Mengatasi kekeringan pastilah menjaga hutan yang berupa tegakan pohon, bukan ranting-ranting vegetasi. Bagi-bagi lahan untuk masyarakat sekitar hutan tanpa kejelasan peruntukannya bagi kepentingan konservasi merupakan tindakan sembrono.
Perhutanan sosial berpotensi mencerabut habitat ekologis yang dijarah fungsi lindungnya. Kebijakan kehutanan yang terlontar menyiratkan adanya kondisi psikologis yang mengkhawatirkan.
Fakta menunjukkan bahwa konversi lahan hutan menjadi perkebunan berlangsung aksesif dan cenderung melegalkan deforestasi. Bunuh diri ekologi acap kali dipelihara atas nama investasi.
Kini tiba saatnya negara tampil berwibawa. Rakyat membutuhkan ”air susu ibu pertiwi” tetap mengalir agar anak-anak negeri ini tidak mengalami petaka hilang sirna kertaning bumi, tenggelam di lubuk zaman seperti diceritakan dalam sejarah keruntuhan Majapahit.
Hari-hari ini harus menjadi momentum pembenahan tata kelola hutan dan membangun lahan lindung perdesaan. Jangan sampai warga mati laksana ayam yang limbung di kandang sendiri.
Kekeringan dapat dicegah dengan menghadirkan ”desa hutan” dan ”kota hutan” (bukan sekadar hutan desa/kota) sebagai ”yuridsiksi mata air”.
Ini merupakan solusi membangun NKRI tanpa krisis air lagi. Merehabilitasi, mereboisasi, dan mengonservasi kembali setiap kampung memiliki embung, lumbung, gayung (irigasi), dan saung (kamling) merupakan ”program prioritas” mencegah kekeringan maupun kemelaratan.
Mengabaikan hal itu berarti melakukan pembiaran ”pementasan drama” bunuh diri ekologi yang terencana dalam jangka panjang.
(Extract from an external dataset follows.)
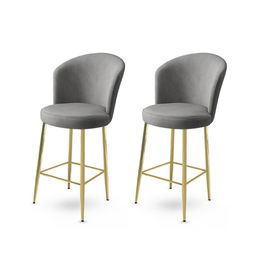 Set scaun de bar (2 bucăți), Charlotte, Fora, Metal, Gri / Auriu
Negara harus tanggap atas kondisi alamnya dan beranjak menilik setiap jengkal wilayah nasional yang berpotensi melakukan bunuh diri ekologi.
Kekeringan yang ”menikam” 2.677 desa telah memberikan pelajaran keras kepada negara. Setiap jengkal tanah hutan pantang dilelang.
Membagi lahan hutan tanpa kontrol akan melahirkan ”azab lingkungan” yang menyengsarakan. Negara mesti berbenah bahwa kekeringan merupakan manifestasi ngunduh wohing pakerti.
Rakyat hidup terlunta tanpa air yang memadai cukuplah sampai di sini. Kalau tidak, buat apa ada pemilu yang menyedot anggaran negara dan menarik investasi yang merusak negeri.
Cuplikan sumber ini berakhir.